▶

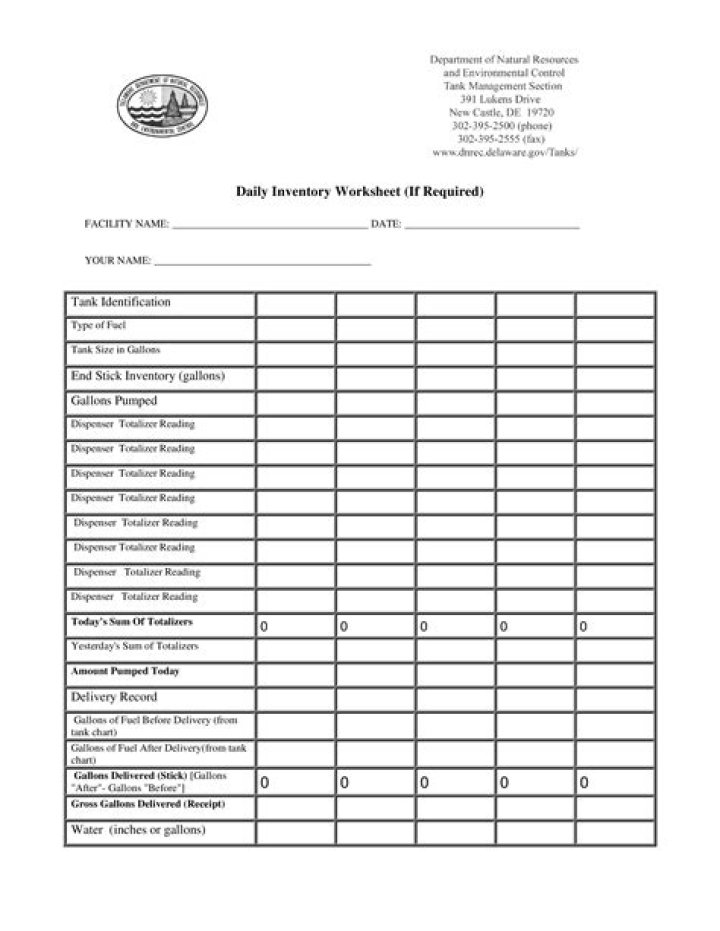 AA Daily Inventory Worksheet PDF – Streamline Stock Tracking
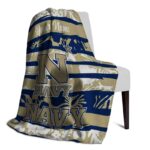 customized navy midshipmen floral stripes blue white blanket best selling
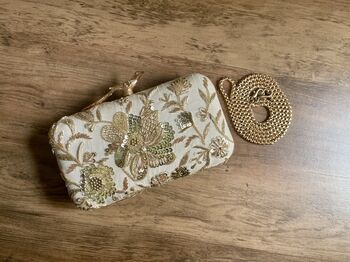 Florentine Embroidered Bird Clasp Clutch, 5 of 9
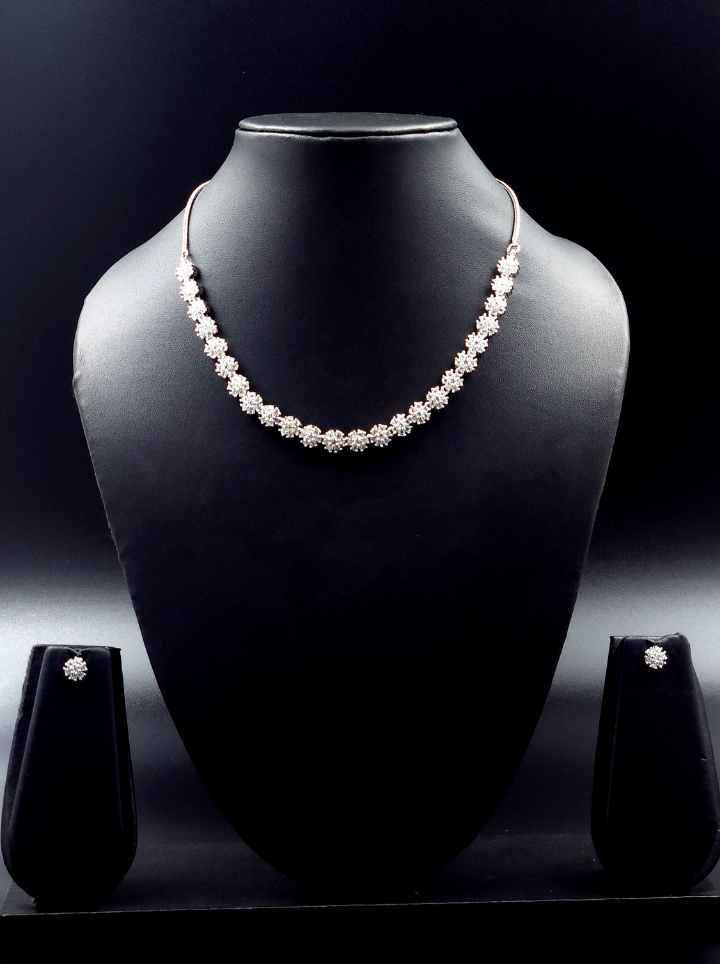 American Diamond Jewellery Set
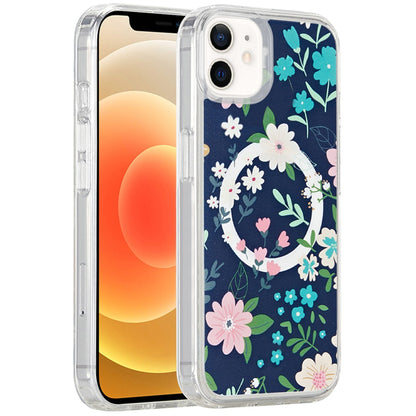 For Apple iPhone 16 Plus (6.7") Magsafe Case Cute Pattern Design Durable Shockproof SlimTPU Hard Back [Compatible with Magsafe] Case Cover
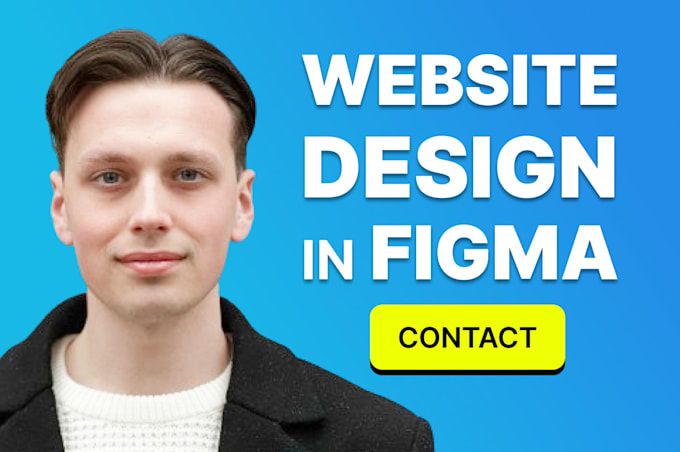 Gig Preview - Design, landing page, figma, mobile adaptation, ui ux, responsive, redesign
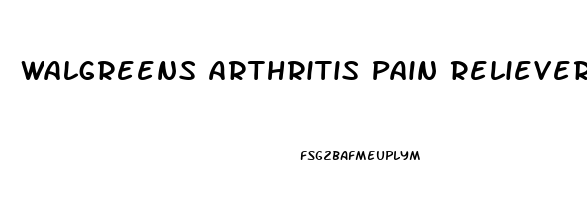 Walgreens Arthritis Pain Reliever 650 Mg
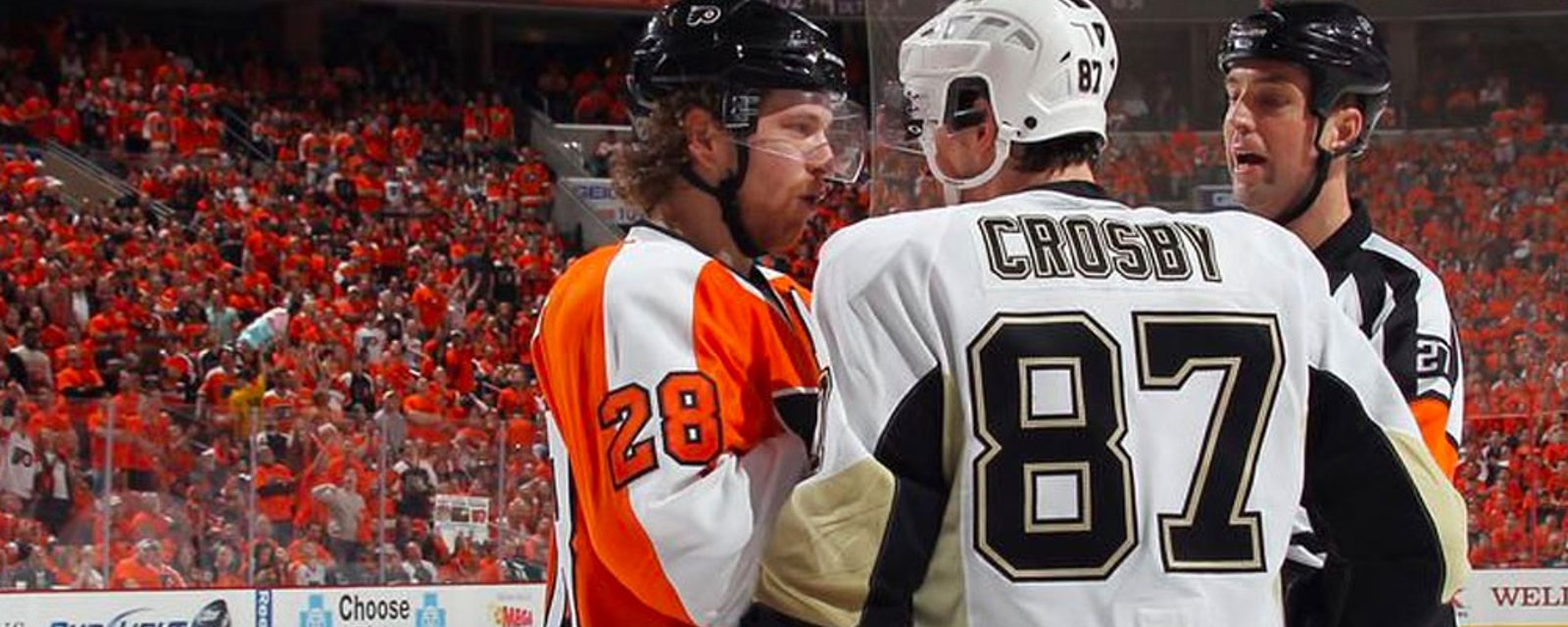 Crosby gets drilled by rival players for his on-ice antics 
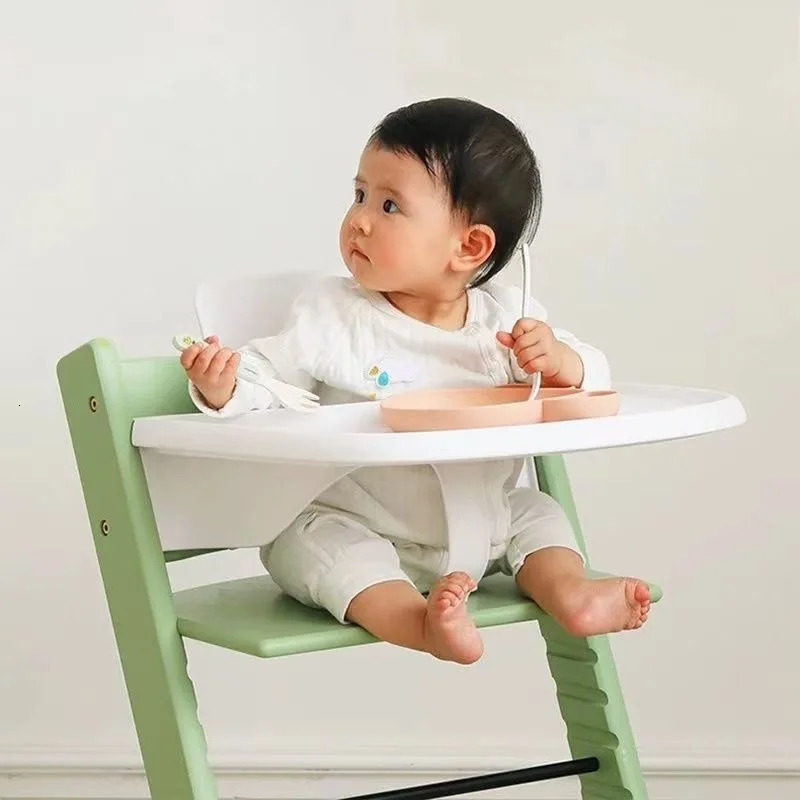 Childrens Dining Chair Accessories Ins Trend Baby Multi-function Adjustable Lift Growing Solid Wood Chair 240520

◀

• _Exercise description_
Where an entry holds an image, drop the image and copy the remaining text exactly.

• _Reply to the task_
 AA Daily Inventory Worksheet PDF – Streamline Stock Tracking
 customized navy midshipmen floral stripes blue white blanket best selling
 Florentine Embroidered Bird Clasp Clutch, 5 of 9
 American Diamond Jewellery Set
 For Apple iPhone 16 Plus (6.7") Magsafe Case Cute Pattern Design Durable Shockproof SlimTPU Hard Back [Compatible with Magsafe] Case Cover
 Gig Preview - Design, landing page, figma, mobile adaptation, ui ux, responsive, redesign
 Walgreens Arthritis Pain Reliever 650 Mg
 Crosby gets drilled by rival players for his on-ice antics 
 Childrens Dining Chair Accessories Ins Trend Baby Multi-function Adjustable Lift Growing Solid Wood Chair 240520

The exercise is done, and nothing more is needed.